Human Rights Interventions: Principles vs. Practices

During the Kosovo conflict, the human rights consensus seemed particularly powerful to those who sought to question the policies forwarded by the advocates of rights intervention. Kirsten Sellars noted that questioning the altruistic motives behind the Kosovo bombing campaign was regarded as 'heresy': 'The consensus rules that anything done in the name of human rights is right, and any criticism is not just wrong but tantamount to supporting murder, torture and rape.' The use of available facts to challenge the case for war, found relatively little support or media space in this climate of consensus. This was true whether the issue at hand was the manipulation of the Rambouillet talks by US officials, to cut short peace negotiations by demanding Nato freedom of manoeuvre across the entire Federal Republic of Yugoslavia; or the fabricated stories during the bombing campaign of alleged evidence of planned genocide and fake German Defence Ministry documentation of 'Operation Horseshoe'. For critical factual coverage of the conflict many people turned to non-Western media sources, where strongly researched articles were published in many countries, including Russia, China, India, Greece, Egypt and Israel. It seemed that the facts on the ground mattered less to the Western advocates of intervention than the principle that a stand must be made on the side of the human rights cause.
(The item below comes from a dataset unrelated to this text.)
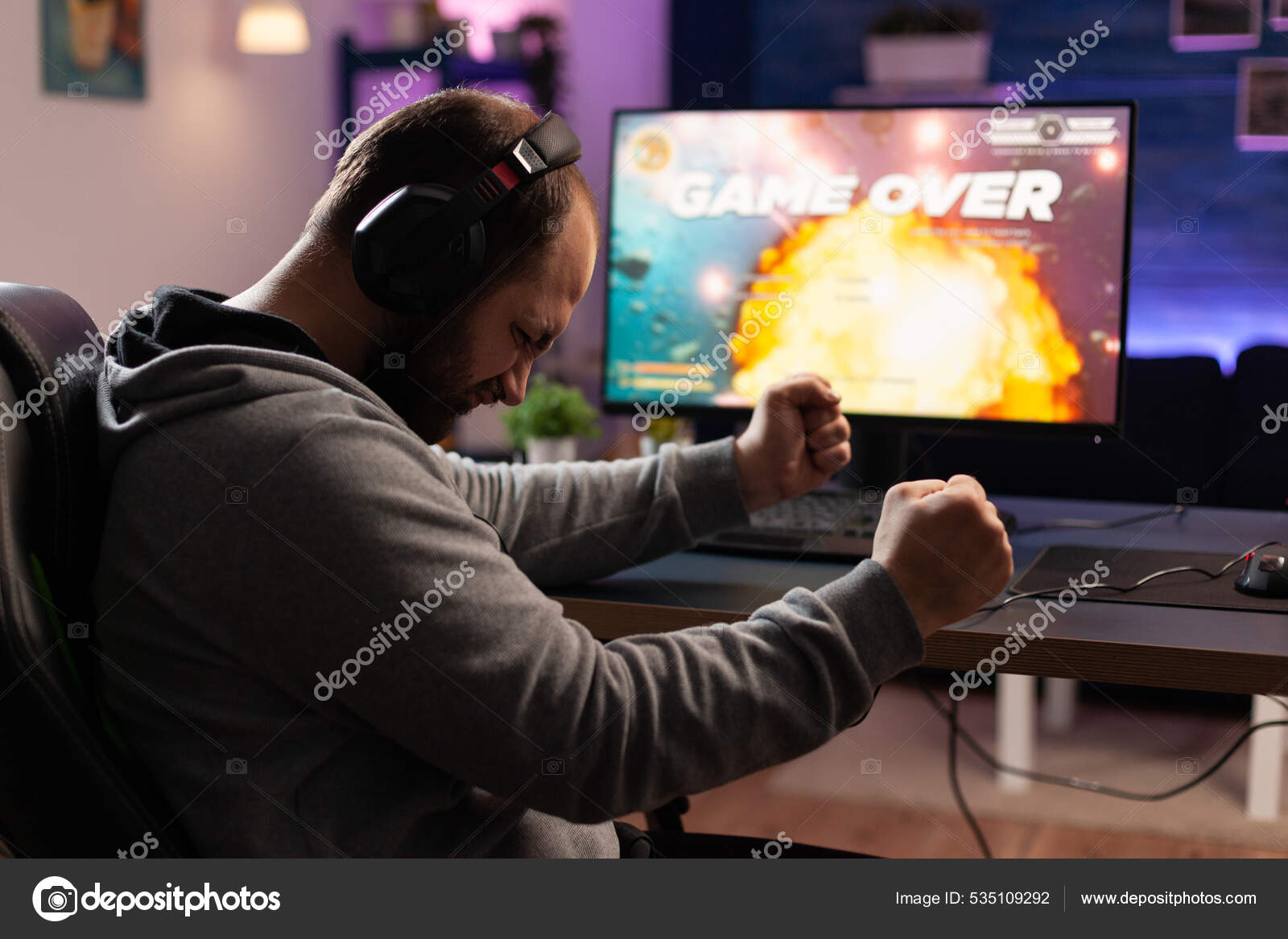 Person playing video games with controller on computer Stock Photo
This would appear to be confirmed in the responses of commentators to the revelations, in the years since the Kosovo war, that the claims of mass slaughter or genocide of Kosovo Albanians, which were the media focus during the bombing campaign, were an exaggeration. In August 2000, the ICTY put the preliminary body count of Serbs and ethnic Albanians that died in the civil conflict at between 2,000 and 3,000, raising doubts over the alleged 'proportionality' of the Nato military response of 12,000 high-altitude bombing raids, including the use of cluster bombs and depleted uranium munitions over heavily populated areas and destruction of much of the civilian economy of the region. The leading British liberal broadsheet, the Guardian, editorialised in response that, yes, Nato may have 'lied' about its bombing campaign, and yes, massacre claims may have been 'exaggerated' and 'manipulated': 'Yet the sum of all these criticisms does not change the central issue. Was intervention needed?' What the Guardian sought to defend was that 'the principle of intervention was right' rather than the practice of it or its outcome. It appears that once the discussion of international relations revolves around 'principles' rather than 'practices' the existing consensus on human rights activism can all too easily sidestep factual criticism.

This confidence in the justice of the cause of the Nato bombers, and of the principle they were seen to be acting on, reflected a profound transformation in the perception of international priorities. In fact, the most common criticisms of the Nato campaign, from human rights activists, were that it should have been launched earlier or that it should have been extended (against US opposition) to send troops in on the ground and to the Nato occupation of Serbia itself. Back in 1990, few people would have imagined that, within the decade, the international human rights community would be advocating the military occupation of independent countries on human rights grounds, the establishment of long-term protectorates, or the bombing of major European cities on a humanitarian basis.